As shown in, the pressure detected by the pressure detection unit 3 installed immediately before the second column 47b is controlled to be the set pressure.

That is, in this gas chromatograph,
During the analysis operation, the pressure of the gas introduced into the second column 47b is controlled to be constant at the set value.
Therefore, even if the flow resistances of the first column 47a and the resistance column 47c are different, the second column 47b is supplied to the second column 47b depending on whether the communication source is the first column 47a or the resistance column 47c. The carrier gas flow rate is constant and does not change. That is, even if the flow resistances of the first column 47a and the resistance column 47c are different, the baseline does not change before and after backflushing.

In the above embodiment, the resistance column 47c is provided at the communication source of the second column 47a when the valve drive solenoid valve 8 is off, but the invention is not limited to this. The communication source of the second column 47a may be the carrier gas supply introduction part 44 when the resistance drive column 47c is not provided and the valve drive solenoid valve 8 is off.

[0021]

As described above, according to the present invention, in a gas chromatograph in which backflushing is performed using two columns connected in series, there is an effect that the baseline does not fluctuate before and after backflushing. is there. Therefore, according to the gas chromatograph of the present invention, analysis results with high accuracy and high reproducibility can be obtained.

[Brief description of drawings]

FIG. 1 is a configuration diagram showing a configuration of a gas chromatograph according to an embodiment of the present invention.

FIG. 2 is a configuration diagram showing a configuration of a conventional gas chromatograph.

FIG. 3 is a channel diagram showing a carrier gas channel of a gas chromatograph.

[Explanation of symbols]

 1 Pressure reducing valve 2a Step-up solenoid valve 2b Step-down solenoid valve 3 Pressure detecting unit 4 Analyzer valve 8 Valve driving solenoid valve 9 A / D converter 11 CPU 12 Solenoid valve driving unit 44 Carrier gas introducing unit 45 Sample injection unit 46 Measuring pipe 47a 1st column 47b 2nd column 47c Resistance column 48 Concentration detection part 49 Discharge part

Claims (1)

[Claims] 1. A first column for separating a gas to be measured composed of a plurality of components and carried by a carrier gas into respective components, and a gas to be measured passed through the first column. A second column for separating the components, a concentration detecting means for communicating with the second column to detect the concentration of the gas passing through the second column, and a pressure reducing valve for keeping the supply pressure of the carrier gas constant.
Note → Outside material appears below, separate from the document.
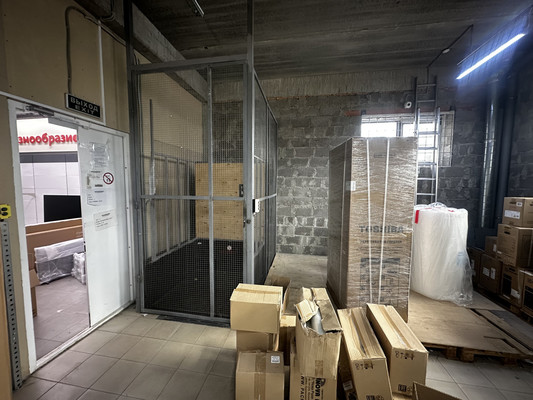 Сдам торговое помещение 1 500 м2, Холодово ул, 1, Раменское г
An electromagnetic valve that controls the operation of the pressure reducing valve; a pressure detection unit that is arranged immediately before the second column to detect the pressure; and an operation of the electromagnetic valve that is controlled by the pressure detected by the pressure detection unit. Control means, a flow path through which the pressure reducing valve communicates with the first column and the second column, and a flow path through which the pressure reducing valve communicates with the second column without passing through the first column And a flow path switching means for switching between Gas chromatograph, characterized in that it comprises.